Tonight the kids and I were watching Mystery Diagnosis. I record it just about every day and we watch when there is nothing on. The kids find it interesting and I often find myself thinking, I should have been on this show.
We were watching an episode about a teen age boy and Jordan would ask questions about what tests they were doing and if she had any of the same ones done. I'm sure she did but after all these years I don't remember. She goes back to watching then turns to me and basically yells, "WHY ARE THERE CURES FOR OTHER THINGS & NOT THIS?"
The look on her face said it all and she almost started crying. I had to hold my tears back. She's had enough. We've all had enough. Arthritis has made my baby grow up too fast. She's tired of taking these meds that make her sick, she's tired of being different. For the most part she has accepted that this is her life and she does really well dealing with it. But then there are times like this when it gets to be too much.

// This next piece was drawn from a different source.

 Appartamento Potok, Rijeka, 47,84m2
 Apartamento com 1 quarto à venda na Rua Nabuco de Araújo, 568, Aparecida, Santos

The episode we were watching ended with the boy being cured with an antibiotic. Some rare illness that only 1 in so many tens of million ever get and it's cured with an antibiotic. Here we are with close to 50 million people and 300,000 children living with a potentially deadly disease and we're no where close to finding a cure. I know the same can be said for diabetes or HIV and I'm not saying that arthritis is more important then those diseases. Why are there so many people working to find a cure and treatment for those diseases but not for arthritis?? Is it because it's "just arthritis?" Only old people get arthritis, right? Not the kind of arthritis that Jordan and I have. This can kill us. And I know people don't get how life altering arthritis is. They don't understand because it's not put out in the public eye like HIV or diabetes or cancer.
Everyone has something they fight for. Something that is close to their heart for whatever reason. This is my fight. I will do whatever I can to help find a cure for my daughter and the kids just like her. No one should feel the pain I felt tonight, it was like a thousand daggers in my heart.
"WHY ARE THERE CURES FOR OTHER THINGS & NOT THIS?"
"I don't know, baby." What else could I say?